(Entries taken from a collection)
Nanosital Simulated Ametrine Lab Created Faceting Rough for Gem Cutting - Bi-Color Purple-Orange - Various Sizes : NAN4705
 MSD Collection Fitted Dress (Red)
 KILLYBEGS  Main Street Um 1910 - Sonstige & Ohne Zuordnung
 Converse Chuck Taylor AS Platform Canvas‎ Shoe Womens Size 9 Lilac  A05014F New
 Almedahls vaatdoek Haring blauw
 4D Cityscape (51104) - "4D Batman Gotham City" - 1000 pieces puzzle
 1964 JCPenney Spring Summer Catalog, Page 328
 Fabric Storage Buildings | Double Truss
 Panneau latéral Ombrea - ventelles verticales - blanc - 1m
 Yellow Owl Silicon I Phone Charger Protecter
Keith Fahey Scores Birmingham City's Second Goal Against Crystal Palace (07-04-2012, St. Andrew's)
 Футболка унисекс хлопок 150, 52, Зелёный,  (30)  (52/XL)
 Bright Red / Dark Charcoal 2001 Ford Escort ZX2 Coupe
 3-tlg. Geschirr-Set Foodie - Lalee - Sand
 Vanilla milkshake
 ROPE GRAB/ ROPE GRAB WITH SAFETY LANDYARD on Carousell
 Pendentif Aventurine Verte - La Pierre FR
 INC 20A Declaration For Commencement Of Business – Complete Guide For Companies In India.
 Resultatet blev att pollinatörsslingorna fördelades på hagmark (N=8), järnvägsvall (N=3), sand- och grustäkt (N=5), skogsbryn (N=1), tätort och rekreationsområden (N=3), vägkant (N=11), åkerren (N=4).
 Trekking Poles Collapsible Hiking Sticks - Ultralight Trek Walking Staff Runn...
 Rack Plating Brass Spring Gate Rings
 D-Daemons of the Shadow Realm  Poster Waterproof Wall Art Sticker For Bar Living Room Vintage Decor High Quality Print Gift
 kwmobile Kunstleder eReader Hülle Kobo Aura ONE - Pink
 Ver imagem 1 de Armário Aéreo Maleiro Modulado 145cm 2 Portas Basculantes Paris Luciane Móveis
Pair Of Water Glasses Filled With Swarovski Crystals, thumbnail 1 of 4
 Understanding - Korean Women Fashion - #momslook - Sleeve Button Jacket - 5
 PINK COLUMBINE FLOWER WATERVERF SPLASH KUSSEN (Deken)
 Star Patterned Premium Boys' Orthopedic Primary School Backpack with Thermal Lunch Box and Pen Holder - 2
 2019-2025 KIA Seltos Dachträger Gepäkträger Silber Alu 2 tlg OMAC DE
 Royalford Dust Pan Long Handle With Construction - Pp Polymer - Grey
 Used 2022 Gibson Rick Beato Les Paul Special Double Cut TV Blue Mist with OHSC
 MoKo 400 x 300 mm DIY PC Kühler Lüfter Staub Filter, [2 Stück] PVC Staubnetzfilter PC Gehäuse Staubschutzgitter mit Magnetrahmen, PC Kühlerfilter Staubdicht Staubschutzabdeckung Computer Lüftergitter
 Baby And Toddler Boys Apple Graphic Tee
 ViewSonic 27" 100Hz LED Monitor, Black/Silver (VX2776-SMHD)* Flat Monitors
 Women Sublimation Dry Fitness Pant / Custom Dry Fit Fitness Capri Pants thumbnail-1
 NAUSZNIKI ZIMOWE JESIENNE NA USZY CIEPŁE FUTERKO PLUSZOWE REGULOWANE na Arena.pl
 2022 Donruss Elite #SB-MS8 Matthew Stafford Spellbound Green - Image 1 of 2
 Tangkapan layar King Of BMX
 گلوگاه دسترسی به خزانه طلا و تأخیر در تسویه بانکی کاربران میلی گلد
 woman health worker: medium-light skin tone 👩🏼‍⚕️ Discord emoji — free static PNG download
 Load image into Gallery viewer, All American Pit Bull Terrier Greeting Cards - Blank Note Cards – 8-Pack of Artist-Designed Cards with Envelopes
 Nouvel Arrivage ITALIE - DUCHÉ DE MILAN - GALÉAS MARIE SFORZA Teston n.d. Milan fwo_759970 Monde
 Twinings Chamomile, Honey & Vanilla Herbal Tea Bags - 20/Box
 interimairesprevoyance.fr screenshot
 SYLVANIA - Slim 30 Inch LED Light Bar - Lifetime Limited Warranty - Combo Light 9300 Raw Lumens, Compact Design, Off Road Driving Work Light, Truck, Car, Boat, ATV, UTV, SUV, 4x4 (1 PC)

◆ Aim of the task
Copy range, inclusive: the line holding "PINK COLUMBINE FLOWER" to the line holding "Used 2022 Gibson". Reproduce exactly those lines of the records above and no others.

◆ Expected answer
 PINK COLUMBINE FLOWER WATERVERF SPLASH KUSSEN (Deken)
 Star Patterned Premium Boys' Orthopedic Primary School Backpack with Thermal Lunch Box and Pen Holder - 2
 2019-2025 KIA Seltos Dachträger Gepäkträger Silber Alu 2 tlg OMAC DE
 Royalford Dust Pan Long Handle With Construction - Pp Polymer - Grey
 Used 2022 Gibson Rick Beato Les Paul Special Double Cut TV Blue Mist with OHSC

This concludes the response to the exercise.